[Scraped caption text data]
Segment Open
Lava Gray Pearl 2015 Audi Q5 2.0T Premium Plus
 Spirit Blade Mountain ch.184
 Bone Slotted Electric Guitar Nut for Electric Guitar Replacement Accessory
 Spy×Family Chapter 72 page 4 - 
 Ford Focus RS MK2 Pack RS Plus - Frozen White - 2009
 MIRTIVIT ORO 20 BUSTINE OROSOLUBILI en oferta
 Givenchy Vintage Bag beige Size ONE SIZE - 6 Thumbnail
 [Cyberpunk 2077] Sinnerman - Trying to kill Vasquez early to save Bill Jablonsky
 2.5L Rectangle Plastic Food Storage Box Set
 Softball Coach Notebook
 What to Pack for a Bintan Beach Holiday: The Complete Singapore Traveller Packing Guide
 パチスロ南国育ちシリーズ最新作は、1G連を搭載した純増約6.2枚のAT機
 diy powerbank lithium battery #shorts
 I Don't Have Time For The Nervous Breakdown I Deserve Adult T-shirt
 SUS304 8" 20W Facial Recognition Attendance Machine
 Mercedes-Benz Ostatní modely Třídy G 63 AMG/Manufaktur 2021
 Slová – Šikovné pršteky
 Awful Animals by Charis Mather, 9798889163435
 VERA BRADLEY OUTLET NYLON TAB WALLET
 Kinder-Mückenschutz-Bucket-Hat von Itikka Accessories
Segment Closed
Write out exactly the lines from the one containing "Recognition Attendance Machine" through the end of the data, both included. Add nothing else.

### RESPONSE AREA
 SUS304 8" 20W Facial Recognition Attendance Machine
 Mercedes-Benz Ostatní modely Třídy G 63 AMG/Manufaktur 2021
 Slová – Šikovné pršteky
 Awful Animals by Charis Mather, 9798889163435
 VERA BRADLEY OUTLET NYLON TAB WALLET
 Kinder-Mückenschutz-Bucket-Hat von Itikka Accessories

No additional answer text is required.